Creating IAM Roles and Policies via the AWS Console
Before deploying an application with AWS CodeDeploy you must create an Identity and Access Management (IAM) role and policies to be used by CodeDeploy. An IAM role on AWS is a set of policies that grant users access to your AWS resources whereas an IAM policy contains the specific set of permissions to grant to a resource.

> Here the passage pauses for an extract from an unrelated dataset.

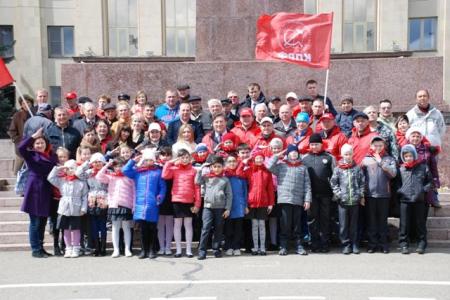 Ставропольские коммунисты возложили цветы к памятнику В.И. Ленину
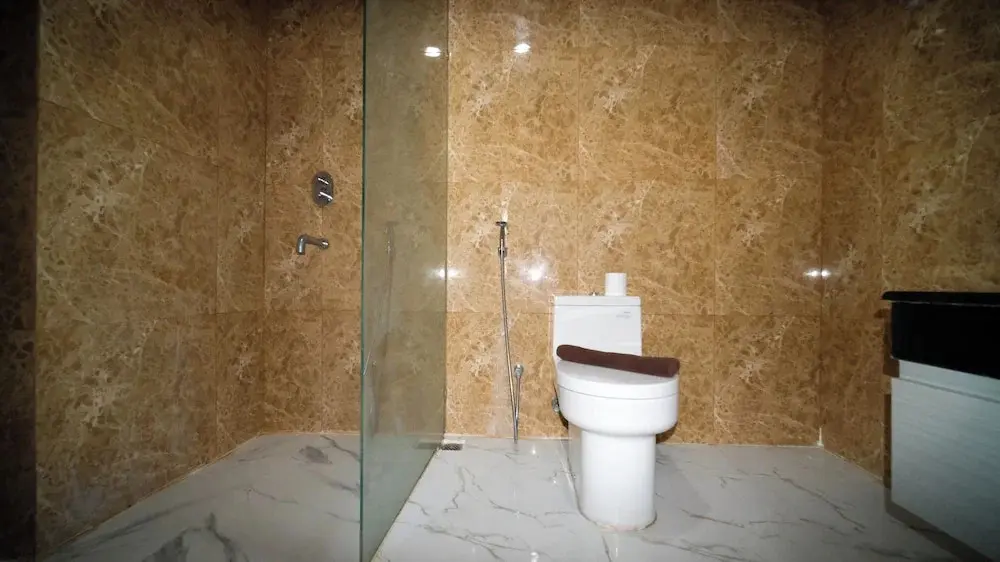 Сурабая: Modern And Cozy 1Br At Grand Sungkono Lagoon Apartment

In this section, you will create a custom IAM Policy that allows EC2 to connect to AWS S3 and the Systems Manager services. Next, you will create two IAM roles with the appropriate trust policies via the AWS console to attach the necessary policies and allow access to CodeDeploy.
Creating the Custom IAM Policy to Manage an EC2 Instance
First, you must create a custom policy that grants access to AWS S3 and Systems Manager services that will be attached to an EC2 instance running the application, python-shortner-application
.
You may also create the policy via the AWS CLI, but in this tutorial, the GUI method is shown.
1. Locate and open the IAM Policies section within your AWS management console by entering “IAM Policies” in the search box and clicking on Policies under Features.
2. From the Policies page, click the Create Policy button positioned at the top-right corner of the page to begin the three-step process of creating a new policy.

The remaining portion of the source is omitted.